(Stored records)
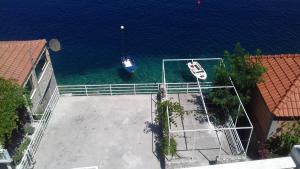Gallery image of Apartments Šojka in Sobra +15 photos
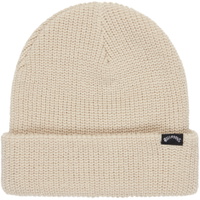 Hombres Gorro Arcade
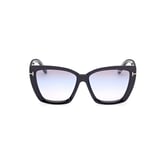TOM FORD SCARLET-02 KADIN GÜNEŞ GÖZLÜĞÜ TF 920 01B 57 tom-ford-ft-0920-01b-57-kadin-cat-eye--c9-489_43c107b4-2491-49a3-9712-3525df17521a Tom Ford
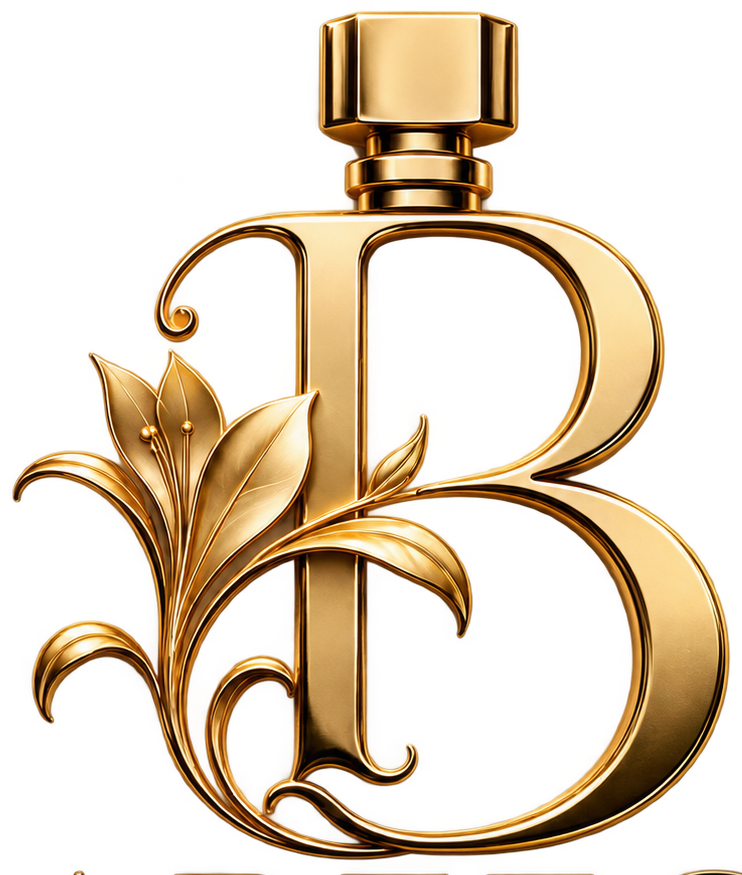 BAREEQA Fragrances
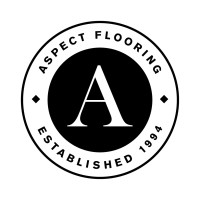 Aspect Commercial Flooring Limited Linkedin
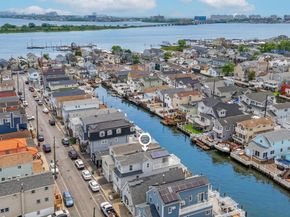 40 W 13th Road, Broad Channel NY 11693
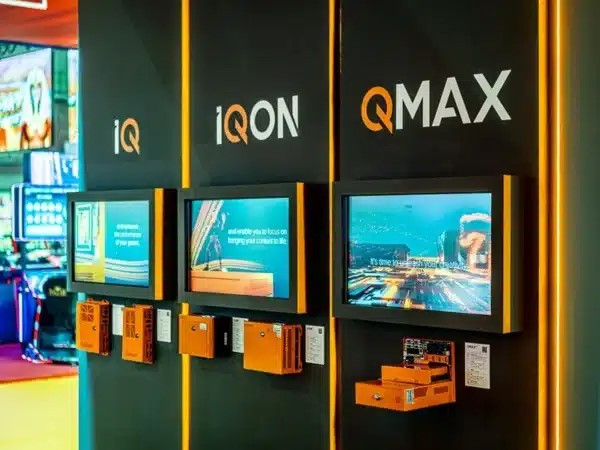 ICE Barcelona: New products, market growth and insights into industry trends
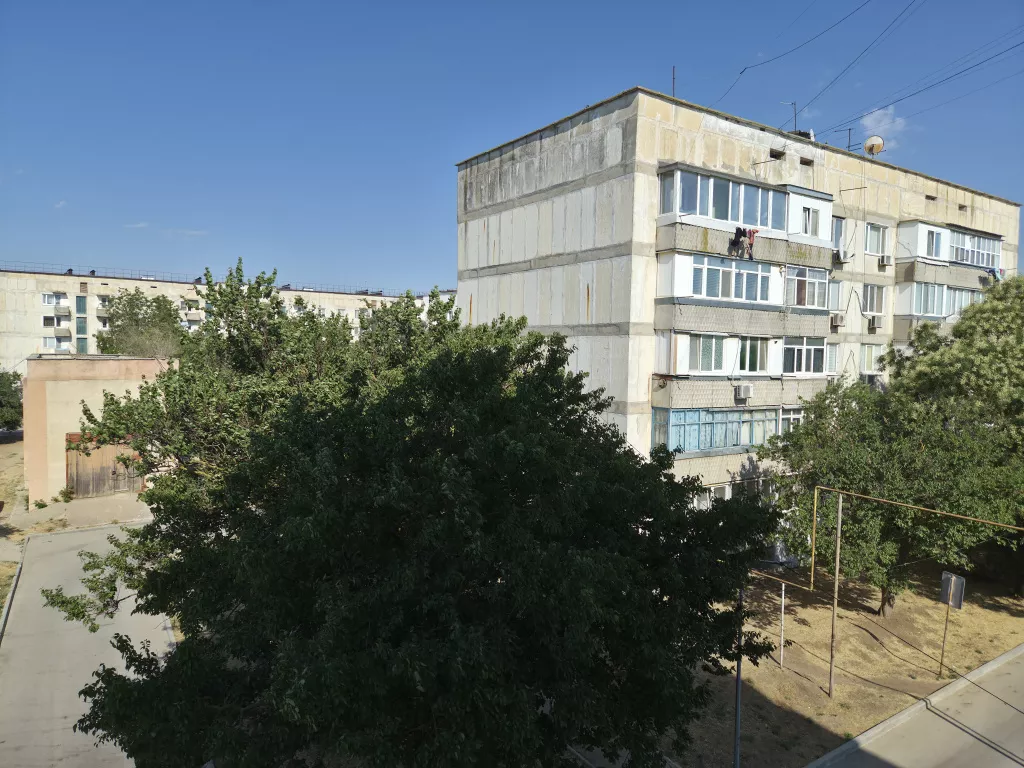 20250723_163041.jpg 20250723_163041.jpg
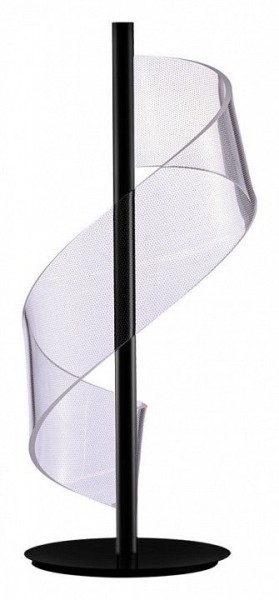 Настольная лампа декоративная Kink Light Илина 08042-T,19 в Югорске - yugorsk.ok-mebel.com | фото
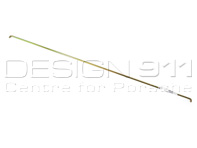 Bielle de porte. Porsche 911 85-89 / 964 / 993 RS - 91153156201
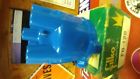 Fo-128 Filko Distributor Cap Amc Ford Jeep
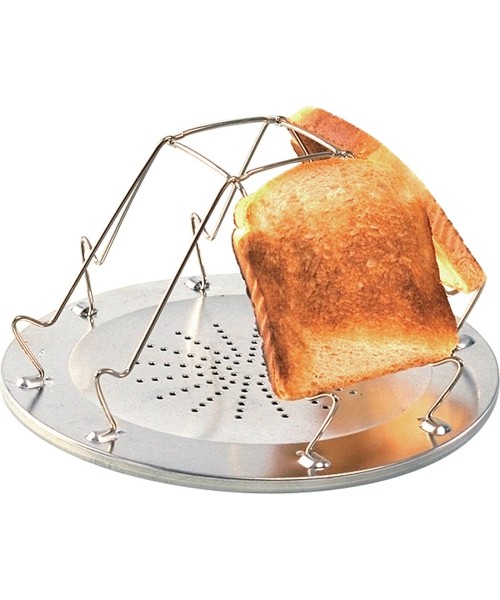 Coghlans röster matkapliidile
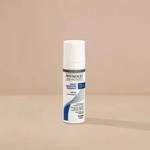 PHYSIOGEL&reg; DMT Serum - sehr trockene Haut 30 ml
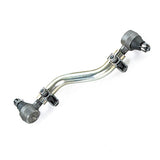 Superlift 4in. Offset Adjustable Drag Link-73-91 GM Solid Axle 3040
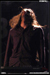 gal/JARELL/2008-09-12_-_Trabendo/_thb_05.jpg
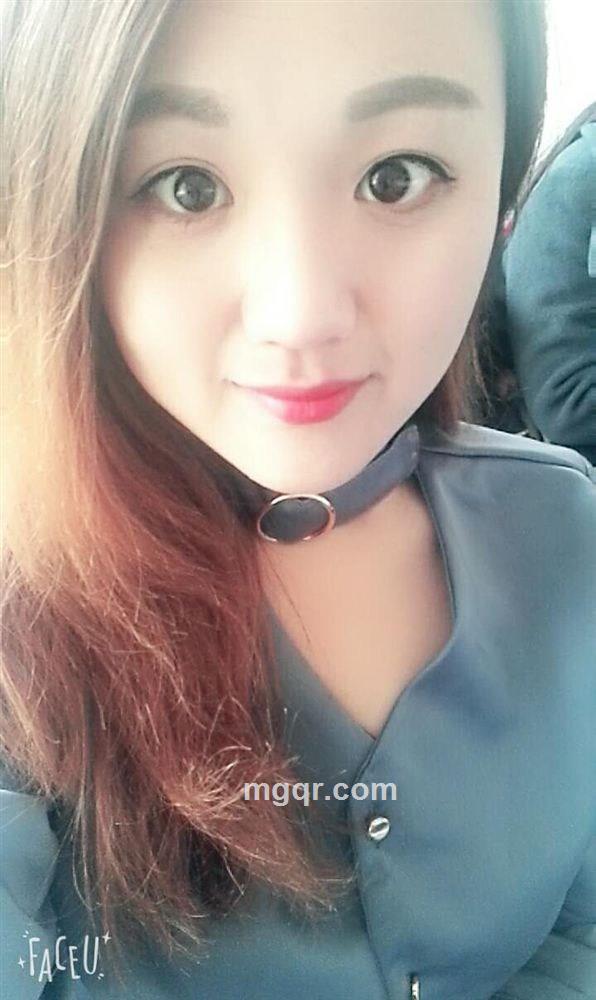 蚂蚁皇后的头像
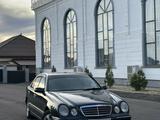 Mercedes-Benz E 280 1995 годаfor3 500 000 тг. в Талдыкорган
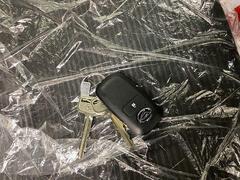 ꤬Ȥޤˤʤä֤ޤ餪ڤˤä򤯤 7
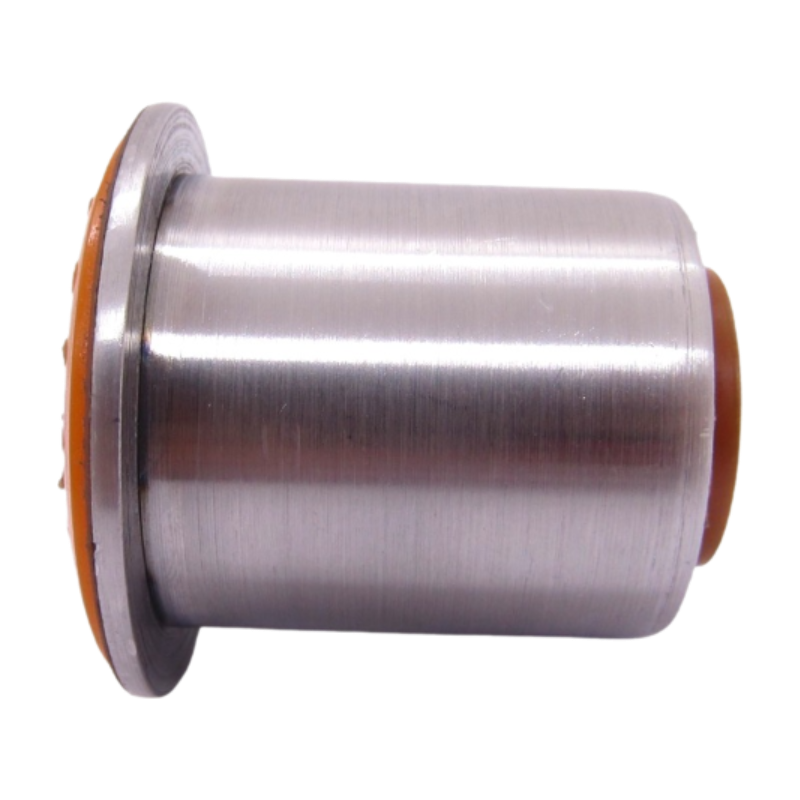 Polyurethane rear bushing rear stabilizer bar Toyota Land Cruiser 2007-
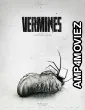 Vermines (2024) HQ Bengali Dubbed Movie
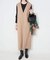 SINBONO/シンボノ Vivienne Crossbody Bag 2T31-2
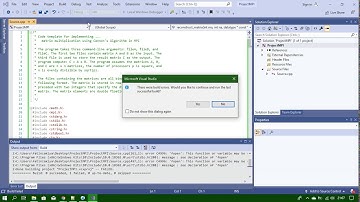 Tugas Penerapan Algoritma MPI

- _Work instruction_:
Starting with the line that contains "ICE Barcelona: New" and ending with the last line of the data above, transcribe exactly those lines and no others, without pictures.

- _Written answer_:
 ICE Barcelona: New products, market growth and insights into industry trends
 20250723_163041.jpg 20250723_163041.jpg
 Настольная лампа декоративная Kink Light Илина 08042-T,19 в Югорске - yugorsk.ok-mebel.com | фото
 Bielle de porte. Porsche 911 85-89 / 964 / 993 RS - 91153156201
 Fo-128 Filko Distributor Cap Amc Ford Jeep
 Coghlans röster matkapliidile
 PHYSIOGEL&reg; DMT Serum - sehr trockene Haut 30 ml
 Superlift 4in. Offset Adjustable Drag Link-73-91 GM Solid Axle 3040
 gal/JARELL/2008-09-12_-_Trabendo/_thb_05.jpg
 蚂蚁皇后的头像
 Mercedes-Benz E 280 1995 годаfor3 500 000 тг. в Талдыкорган
 ꤬Ȥޤˤʤä֤ޤ餪ڤˤä򤯤 7
 Polyurethane rear bushing rear stabilizer bar Toyota Land Cruiser 2007-
 Vermines (2024) HQ Bengali Dubbed Movie
 SINBONO/シンボノ Vivienne Crossbody Bag 2T31-2
 Tugas Penerapan Algoritma MPI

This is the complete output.